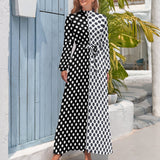 Long Sleeve High Neck Long Dress Long dress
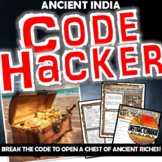Code Hacker! Ancient India Escape Room Activity : Digital 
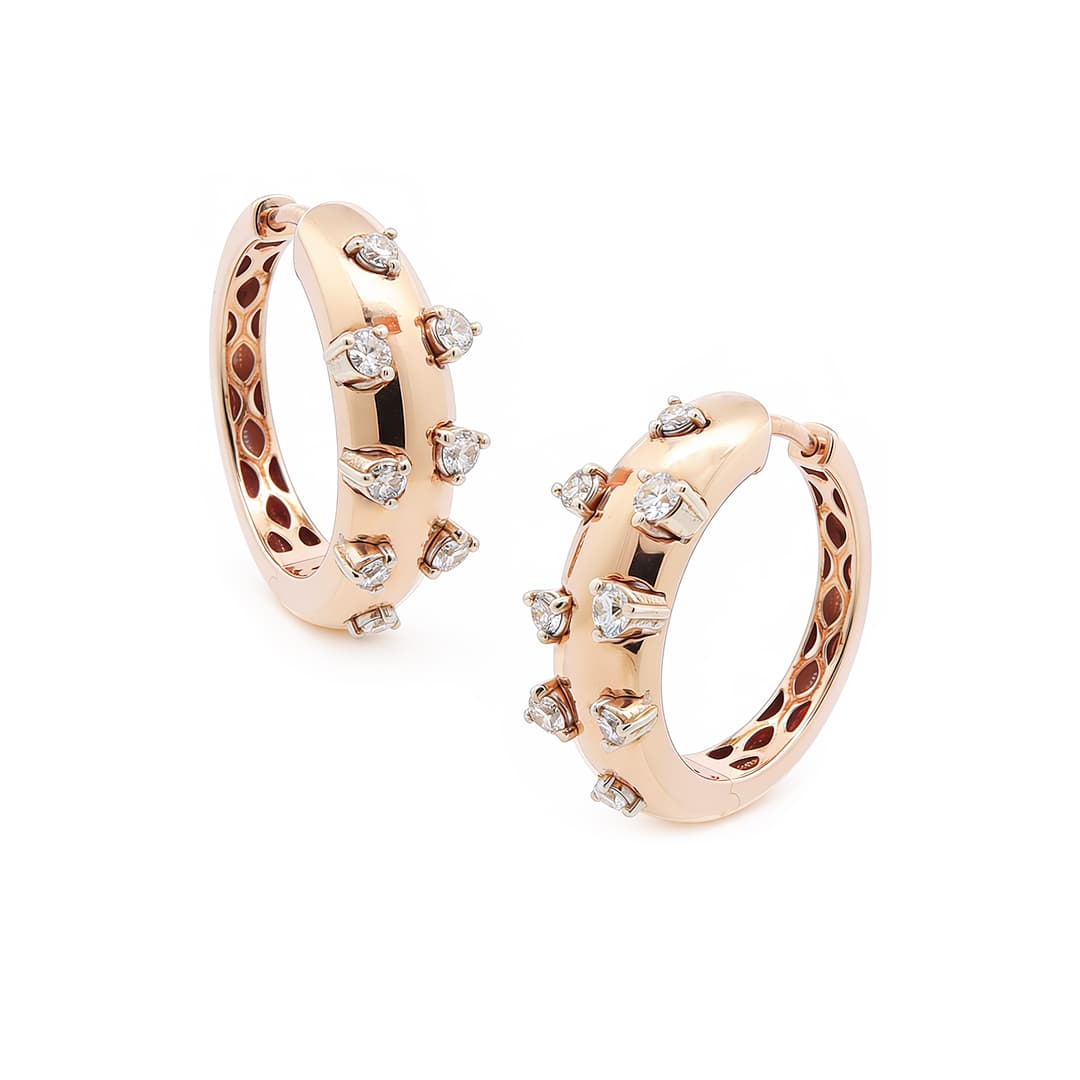 The Hiya Signature IV Orbit Diamond Hoops - 3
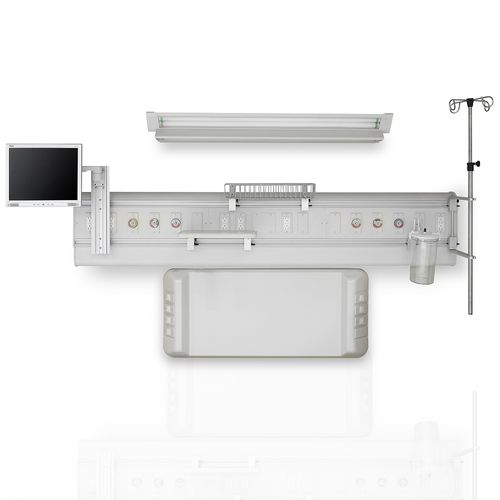 Wall Mounted Bed Head Unit Ntc Amcaremed Technology Horizontal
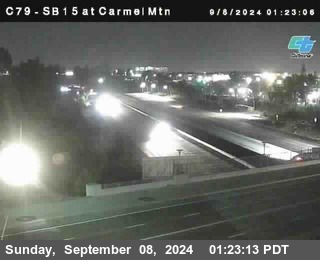 NB 15 at Carmel Mountain Rd.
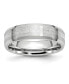 ფოტო #1 პროდუქტის Cobalt Sterling Silver Inlay Satin Beveled Edge Band Ring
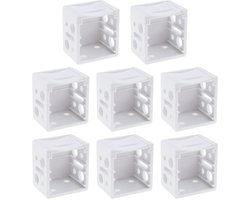 Blinde Beugels 8 Stuks - Plastic Montagebeugels - Jaloeziebeugel - Wit - 31x29x25mm - Duurzaam Kunststof - Jaloeziebeugels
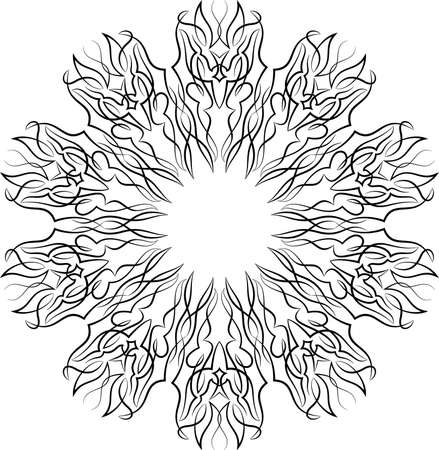 Pinstripe Graphics Circular : Vinyl Ready Vector Artのイラスト素材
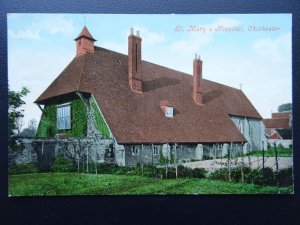 West Sussex CHICHESTER St. Mary's Hospital c1907 Postcard by Valentine 47350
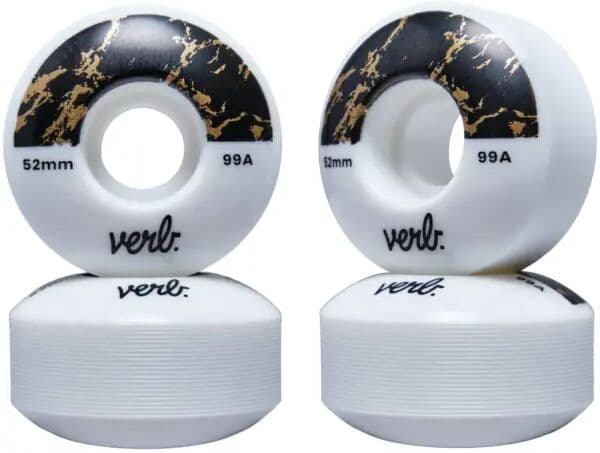 Skateboard Rollen Verb Dip 99A 4 Stk. (52mm - Marbel Black)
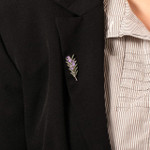  Rosemary Coloured Lapel Pin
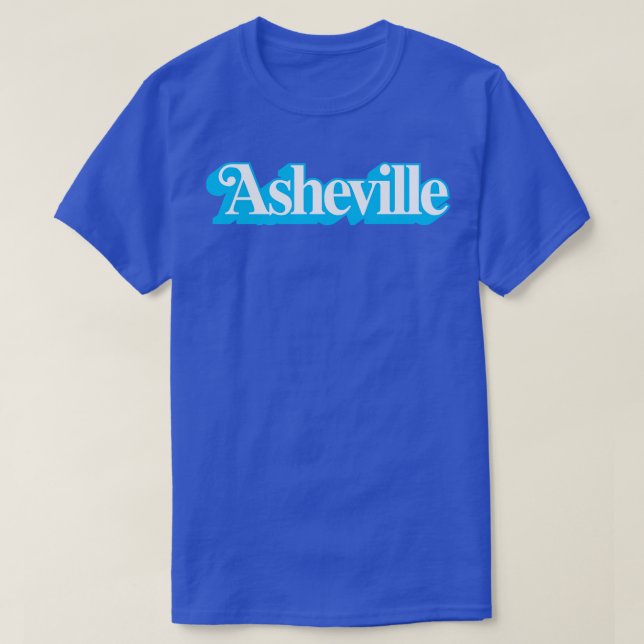 Camiseta Vintage Asheville (Diseño del anverso)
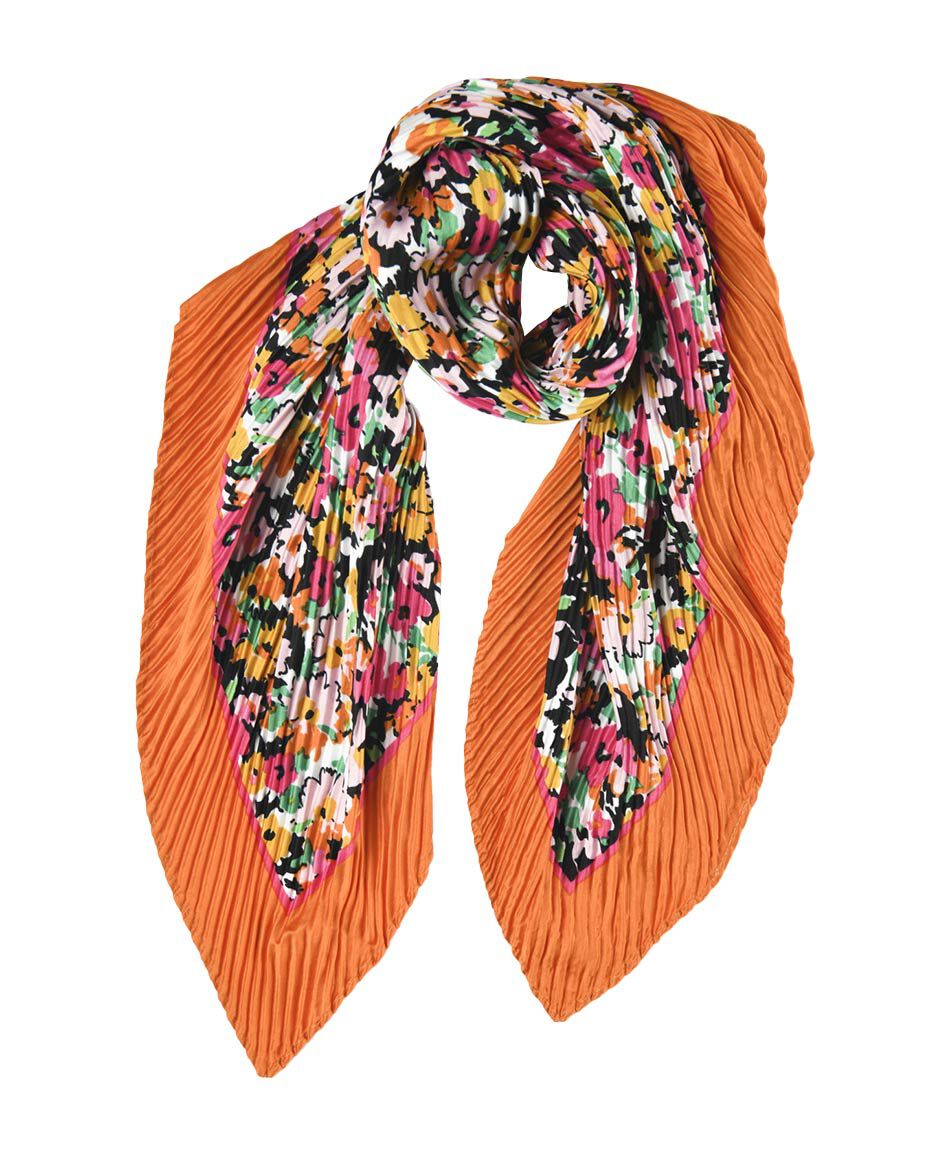 Pa&ntilde;uelo mujer floreado multicolor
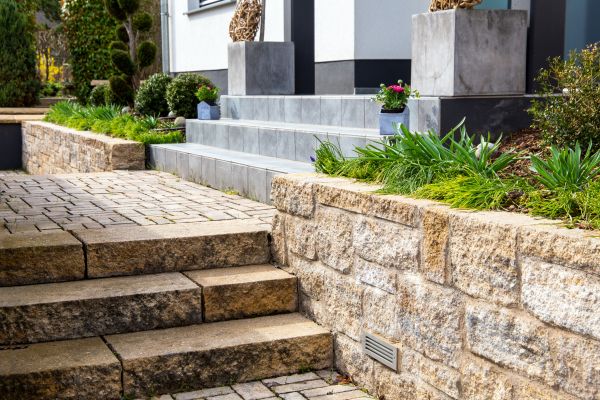 Stone Step Replacement in Bothell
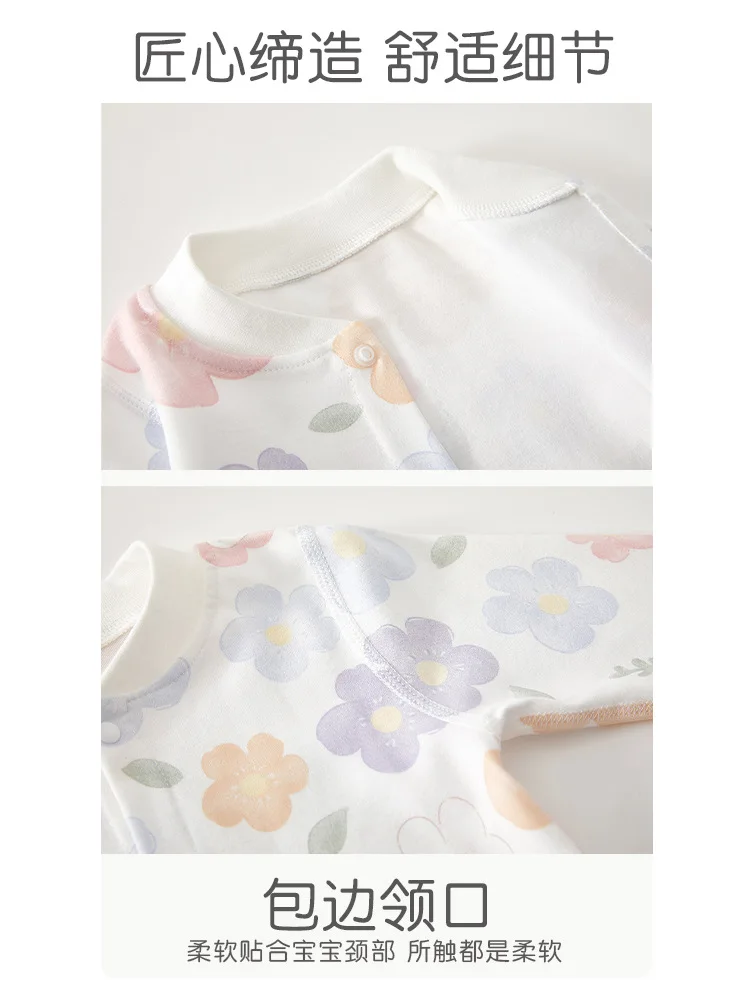 AYNIGIELL Spring & Autumn 0-12 Months Baby Jumpsuits, 100% Cotton Long Sleeve Clothes, Soft Newborn Rompers for Girls & Boys.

::::::::::

What needs to be done
Your reply should repeat the entries above exactly, leaving the pictures out.

Output below
 Long Sleeve High Neck Long Dress Long dress
Code Hacker! Ancient India Escape Room Activity : Digital 
 The Hiya Signature IV Orbit Diamond Hoops - 3
 Wall Mounted Bed Head Unit Ntc Amcaremed Technology Horizontal
 NB 15 at Carmel Mountain Rd.
 ფოტო #1 პროდუქტის Cobalt Sterling Silver Inlay Satin Beveled Edge Band Ring
 Blinde Beugels 8 Stuks - Plastic Montagebeugels - Jaloeziebeugel - Wit - 31x29x25mm - Duurzaam Kunststof - Jaloeziebeugels
 Pinstripe Graphics Circular : Vinyl Ready Vector Artのイラスト素材
 West Sussex CHICHESTER St. Mary's Hospital c1907 Postcard by Valentine 47350
 Skateboard Rollen Verb Dip 99A 4 Stk. (52mm - Marbel Black)
  Rosemary Coloured Lapel Pin
 Camiseta Vintage Asheville (Diseño del anverso)
 Pa&ntilde;uelo mujer floreado multicolor
 Stone Step Replacement in Bothell
 AYNIGIELL Spring & Autumn 0-12 Months Baby Jumpsuits, 100% Cotton Long Sleeve Clothes, Soft Newborn Rompers for Girls & Boys.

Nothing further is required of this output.